Hemant's Blogs

Saturday, October 15, 2016

25 Set Operators

· operator that returns all rows from both tables and eliminates duplicates-UNION
· columns that were made up to match queries in another table that are not in both tables-TO_CHAR(NULL) or TO_DATE(NULL) or TO_NUMBER(NULL) –matching the select list
· operator that returns all rows from both tables, including duplicates-UNION ALL
· used to combine results into one single result from multiple SELECT statements-set operators
· operator that returns rows that are unique to each table-MINUS
· operator that returns rows common to both tables-INTERSECT

1. Name the different Set operators?

UNION

UNION ALL

MINUS

INTERSECT

2. Write one query to return the employee_id, job_id, hire_date, and department_id of all employees and a second query listing employee_id, job_id, start_date, and department_id from the job_hist table and combine the results as one single output. Make sure you sup-press duplicates in the output.

SELECT employee_id, job_id, hire_date, TO_DATE(NULL) start_date, department_id

FROM employees

UNION

SELECT employee_id, job_id, TO_DATE(NULL), start_date, department_id

FROM job_history

ORDER BY employee_id, hire_date, start_date NULLS FIRST;

But after reading next problem I changed it to:

SELECT employee_id, job_id, hire_date, department_id

FROM employees

UNION

SELECT employee_id, job_id, start_date, department_id

FROM job_history

ORDER BY employee_id, hire_date;

29 rows returned

3. Amend the previous statement to not suppress duplicates and examine the output. How many extra rows did you get returned and which were they? Sort the output by employee_id to make it easier to spot.

SELECT employee_id, job_id, hire_date, department_id

FROM employees

UNION ALL

SELECT employee_id, job_id, start_date, department_id

FROM job_history

ORDER BY employee_id, hire_date;

30 rows returned

The duplicate:

This can be verified by:

SELECT employee_id, job_id, hire_date, department_id, COUNT(*)

FROM

(SELECT employee_id, job_id, hire_date, department_id

FROM employees

UNION ALL

SELECT employee_id, job_id, start_date, department_id

FROM job_history)

GROUP BY employee_id, job_id, hire_date, department_id

HAVING COUNT(*) > 1;

4. List all employees who have not changed jobs even once. (Such employees are not found in the job_history table)

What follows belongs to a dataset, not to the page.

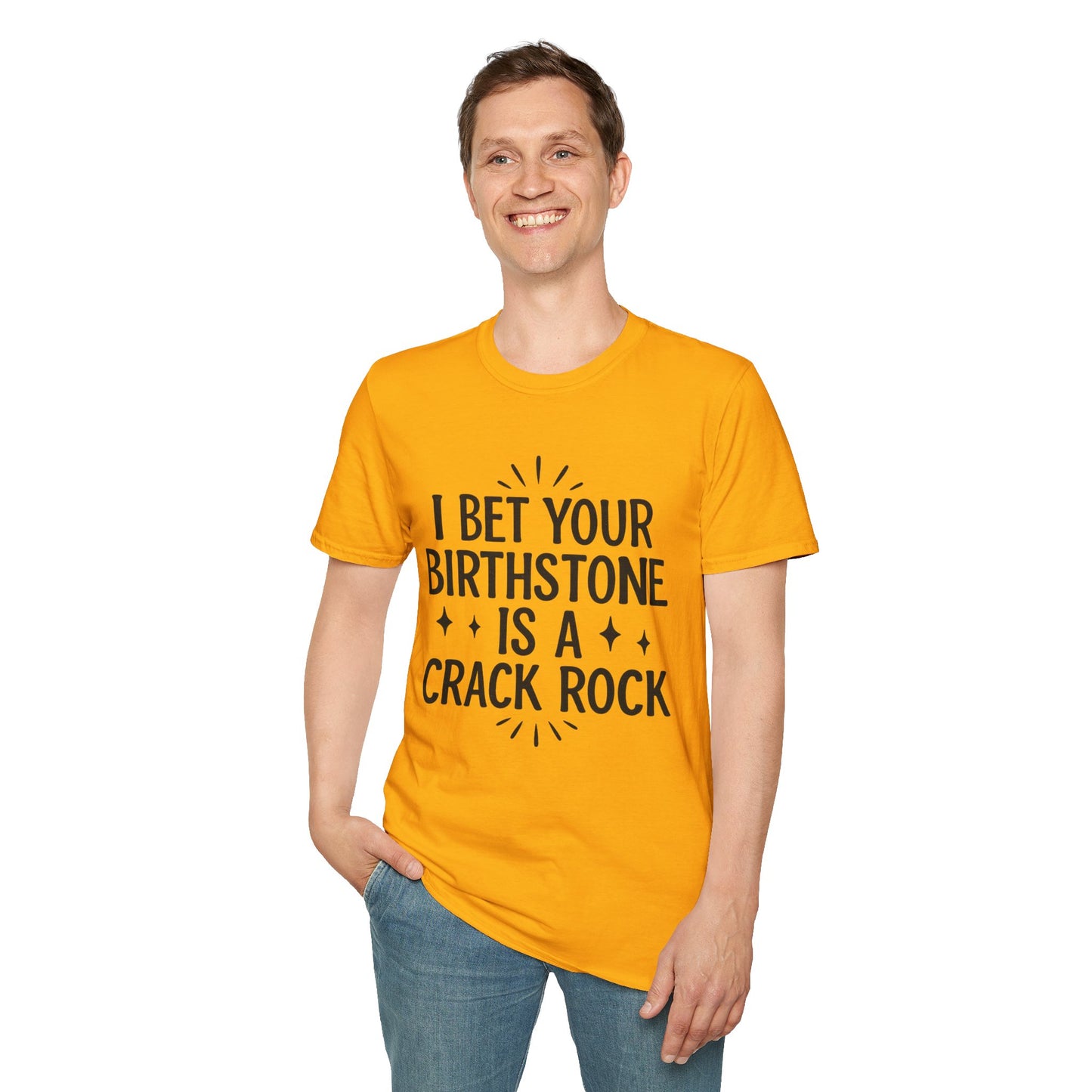 Crack Rock Birthstone Shirt – Funny Insult Tee – Gift for Petty Friends, Sarcastic Adults, and People Who Love Dark Humor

SELECT DISTINCT employee_id

FROM employees

MINUS

SELECT DISTINCT employee_id

FROM job_history;

15 rows returned

5. List the employees that HAVE changed their jobs at least once.

SELECT DISTINCT employee_id

FROM employees

INTERSECT

SELECT DISTINCT employee_id

FROM job_history;

5 rows returned

6. Using the UNION operator, write a query that displays the employee_id, job_id, and salary of ALL present and past employees. If a salary is not found, then just display a 0 (zero) in its place.

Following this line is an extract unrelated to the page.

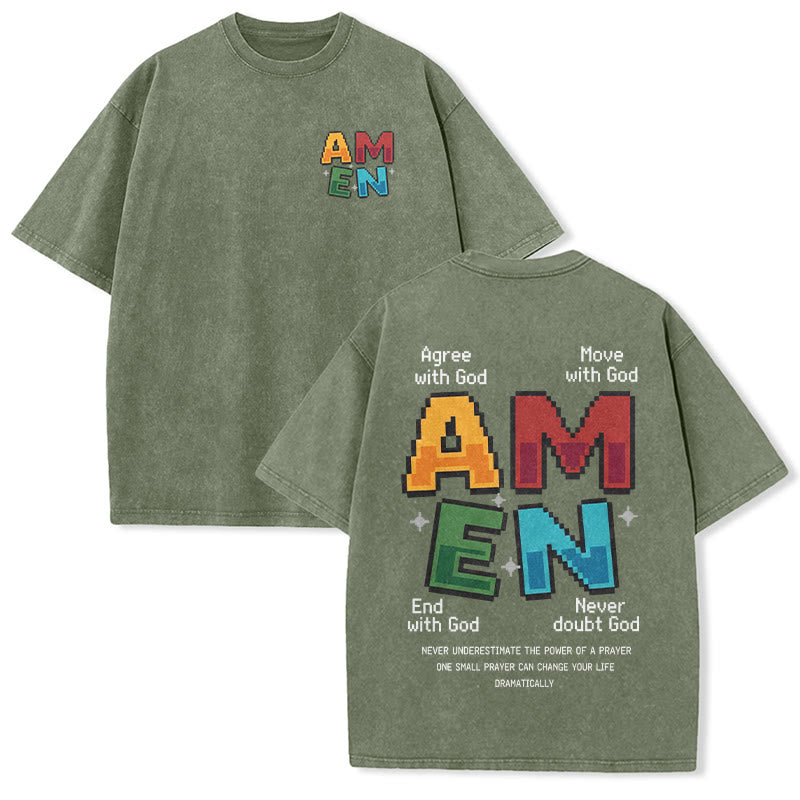 Christianartworkshop Amen Pixel Art Agree Move End Never Acronym Front And Back Print Washed T-Shirt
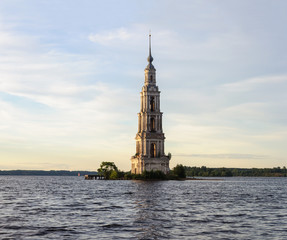 Flooded bell tower in Kalyazin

SELECT employee_id, job_id, NVL(salary, 0)

FROM employees

UNION

SELECT employee_id, job_id, 0

FROM job_history

ORDER BY employee_id;

24 Using ROLLUP and CUBE Operations and GROUPING SETS

· Used to create subtotals that roll up from the most detailed level to a grand total, following a grouping list specified in the clause-ROLLUP
· An extension to the GROUP BY clause like ROLLUP that produces cross-tabulation reports-CUBE
· Used to specify multiple groupings of data- GROUPING SETS

1. Within the Employees table, each manager_id is the manager of one or more employees who each have a job_id and earn a salary. For each manager, what is the total salary earned by all of the employees within each job_id? Write a query to display the Manager_id, job_id, and total salary. Include in the result the subtotal salary for each manager and a grand total of all salaries.

SELECT manager_id, job_id, SUM(salary) "total salary", GROUPING(manager_id), GROUPING(job_id)

FROM employees

GROUP BY ROLLUP(manager_id, job_id);

2. Amend the previous query to also include a subtotal salary for each job_id regardless of the manager_id.

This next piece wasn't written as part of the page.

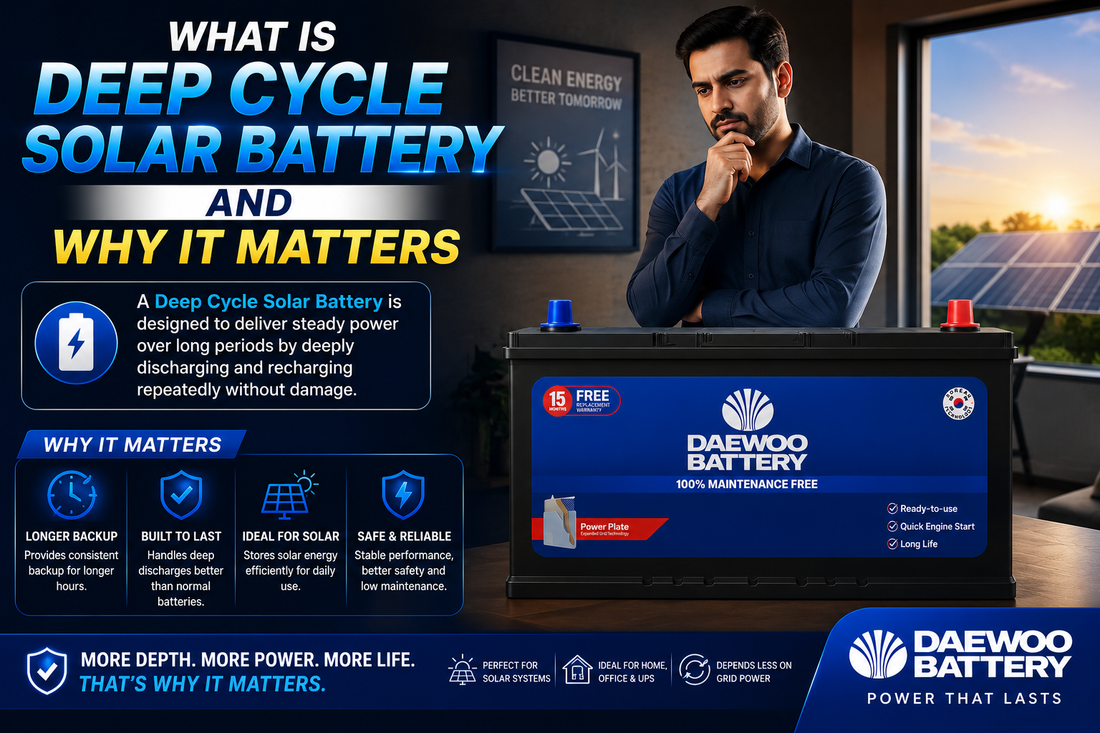 A promotional graphic for a Daewoo Battery deep cycle solar battery. The image features a man in a dark room looking thoughtfully, with solar panels visible in the background.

SELECT manager_id, job_id, SUM(salary) "total salary", GROUPING(manager_id), GROUPING(job_id)

FROM employees

GROUP BY CUBE(manager_id, job_id);

Observe 12 new rows here:

3. Using GROUPING SETS, write a query to show the following groupings:

• department_id, manager_id, job_id

• manager_id, job_id

• department_id, manager_id

SELECT department_id, manager_id, job_id, SUM(salary) "total salary", GROUPING(department_id), GROUPING(manager_id), GROUPING(job_id)

FROM employees

GROUP BY GROUPING SETS((department_id, manager_id, job_id), (manager_id, job_id), (department_id, manager_id));

23 Using GROUP BY and HAVING Clauses

· Used to specify which groups are to be displayed; restricts groups that do not meet group criteria-HAVING
· Divides the rows in a table into groups-GROUP BY

1. In the SQL query shown below, which of the following is true about this query?

_______ a. Kimberly Grant would not appear in the results set.

TRUE

_______ b. The GROUP BY clause has an error because the manager_id is not listed in the SELECT clause.

FALSE – GROUP function require that any column listed in the SELECT clause that is not part of group function must be listed in a GROUP BY Clause. But it doesn’t mandate presence of all columns in the group by clause in SELECT.

_______ c. Only salaries greater than 16001 will be in the result set.

FALSE. Greater than or equal to 16001 may ~~must~~ come here. That too, ‘16001 or greater will come here’ only if the row is not filtered by WHERE before group application, AND also the whole group satisfy the HAVING clause.

_______ d. Names beginning with Ki will appear after names beginning with Ko.

FALSE, Names here means the last_name. ‘i’ is before ‘o’ if DESC is skipped.

_______ e. Last names such as King and Kochhar will be returned even if they don’t have salaries > 16000.

FALSE. The WHERE is applied even before the GROUP BY.

SELECT last_name, MAX(salary)

FROM employees

WHERE last_name LIKE 'K%'

GROUP BY manager_id, last_name

HAVING MAX(salary) >16000

ORDER BY last_name DESC ;

2. Each of the following SQL queries has an error. Find the error and correct it. Use Oracle Application Express to verify that your corrections produce the desired results.

a. SELECT manager_id

FROM employees

WHERE AVG(salary) <16000

GROUP BY manager_id;

Above query will say ORA-00934: group function is not allowed here.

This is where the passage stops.